DIY Banana Pi 2-WAN gateway: Getting started with a BPI-R2

During our last Sandstorm Retreat there was not a single day without a remote participant. "But how fast and reliable is the internet connection really, in a location we never visited before?", we asked ourselves and decided to pack our Starlink receiver and, just like in the office, implement a network at the location with two independent WAN-connections. To manage  these WAN-connections, we packed our office gateway. Thus we had a redundant internet connection at the location and a non-redundant one at our main office… we know our priorities. :-)

As removing the gateway from the networking rack and re-configuring it was quite some effort, we decided to go a different way in the future:

We are building our own 2 WAN gateway on a much smaller, more light-weight and more mobile Banana Pi R2 (BPI-R2 for short).
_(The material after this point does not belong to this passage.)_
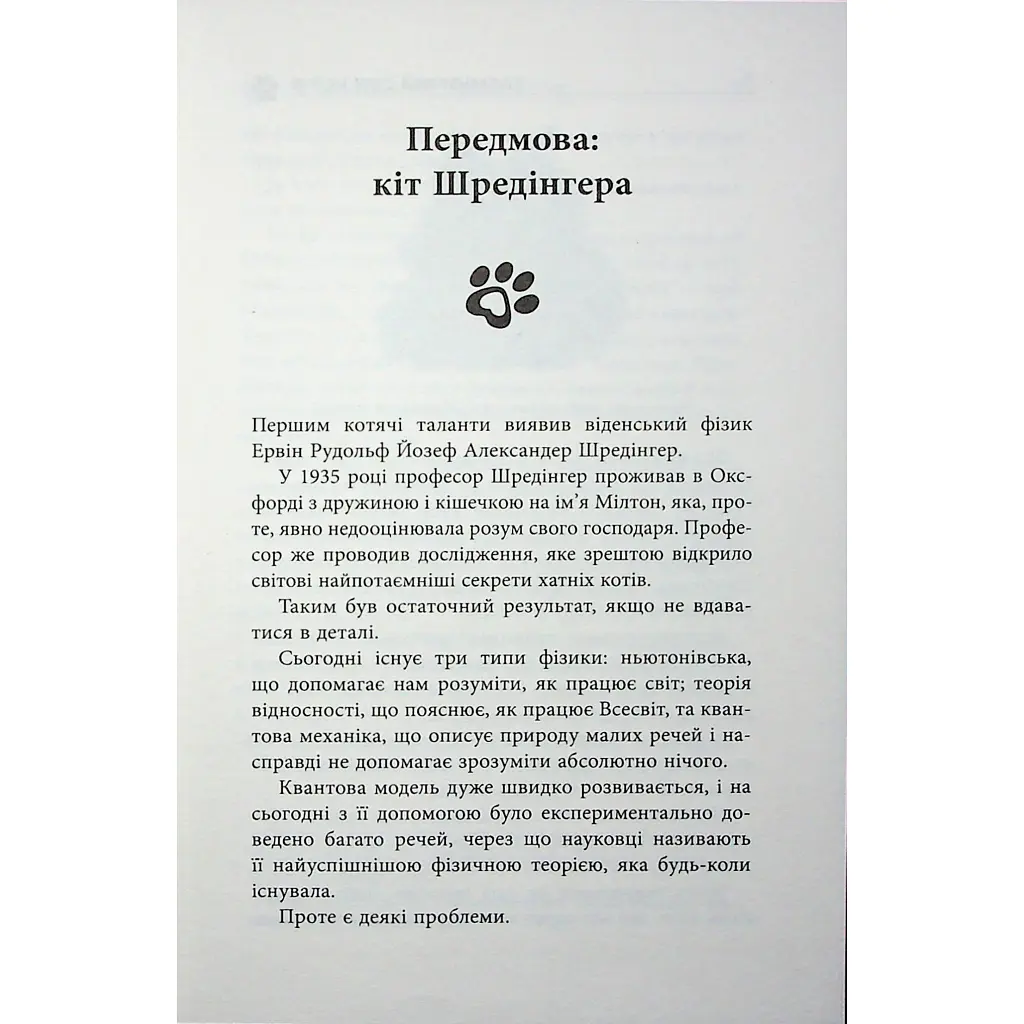 Таємничий світ котів - Гербі Бреннан Фабула (9786175223475) - фото 6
In this blog post I share my experience during the installation of the operating system up to the first successful connection via SSH.

Note that I work on OS X on my MacBook. All shell commands in this blog post are for Macs. They are slightly (Linux) or very (Windows) different on other operating systems.

After checking the Wiki page I started to try out some operating systems. Below I share my experience with

  1. Opening a TTY console (no HDMI, no SSH)
  2. Creating a bootable SD card
  3. How to back up a bootable SD card
  4. Powering on the BPI-R2 (not as simple as it sounds)
  5. Bananian Linux
  6. OpenWrt
  7. Alpine Router Platform
  8. Debian 10
  9. Ubuntu 16.04.
  10. Open work (more things to explore)
  11. Helpful links

Note: I did not go into full-detail for each and every OS. Maybe I'll come back to an open topic later. Then I'll update this blog post.

Starlink Antenna

Opening a TTY console (no HDMI, no SSH)

First things first: How to debug a device without an HDMI driver when it fails booting? You connect via a TTY console. This is a fully operational CLI terminal. To open it, you need to

  1. fetch your TTY-USB-adpater
  2. find the TTY pins on the BPI-R2 main board between the SATA ports and the WAN port
  3. connect the pins to your adapter as follows
    • GND - GND
    • TXD - RX
    • RXD - TX
  4. connect the USB-adapter to your MacBook and wait for mount
  5. run screen /dev/$(ls /dev | grep cu.usbserial) 115200

For more details and operating systems see BananaPi R2 - Debug-UART and Mac's and serial TTY's.

TTY USB Adapter
TTY pins on board

Creating a bootable SD card

How you write an image on the SD card, depends on the image. In the easiest case you can use dd but sometimes you have to adjust details of the command. Sometimes it does not work and it is rather slow. An alternative is an app called balenaEtcher. I started using the app instead of dd.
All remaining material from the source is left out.